_ASSIGNMENT_
Repeat word for word the lines starting at the one with "Alta Qualidade Natural" and ending at the final line of the material, both ends included; omit pictures.

_DATA SHOWN_
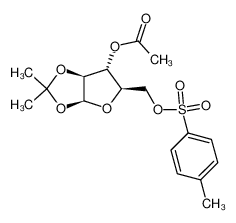 3-O-acetyl-1,2-O-isopropylidene-5-O-toluene-p-sulphonyl-β-D-arabinofuranose_96863-32-0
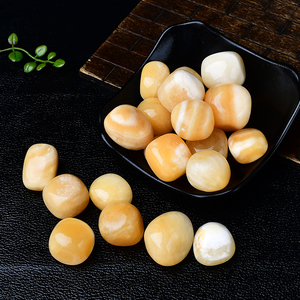 Alta Qualidade Natural Amarelo Opala Tombado Pedra Polido Quartzo Gemstone Feng Shui Estilo Esculpido Bola para Mascote ou Decoração - Product Image 4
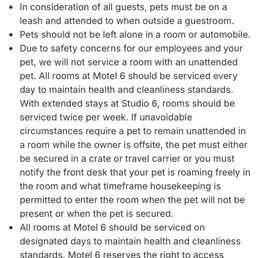 Pet policy says nothing about being charged $20 if my dog goes on the bed. Pet policy says nothing about being charged $20 if my dog goes on the bed.
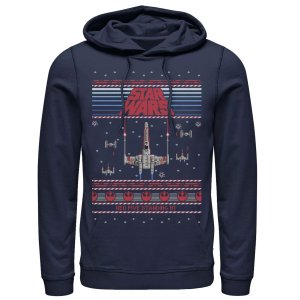 Мужской красный свитер Five Standing By Ugly Christmas, пуловер с капюшоном и рисунком Star Wars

_EXPECTED ANSWER_
 Alta Qualidade Natural Amarelo Opala Tombado Pedra Polido Quartzo Gemstone Feng Shui Estilo Esculpido Bola para Mascote ou Decoração - Product Image 4
 Pet policy says nothing about being charged $20 if my dog goes on the bed. Pet policy says nothing about being charged $20 if my dog goes on the bed.
 Мужской красный свитер Five Standing By Ugly Christmas, пуловер с капюшоном и рисунком Star Wars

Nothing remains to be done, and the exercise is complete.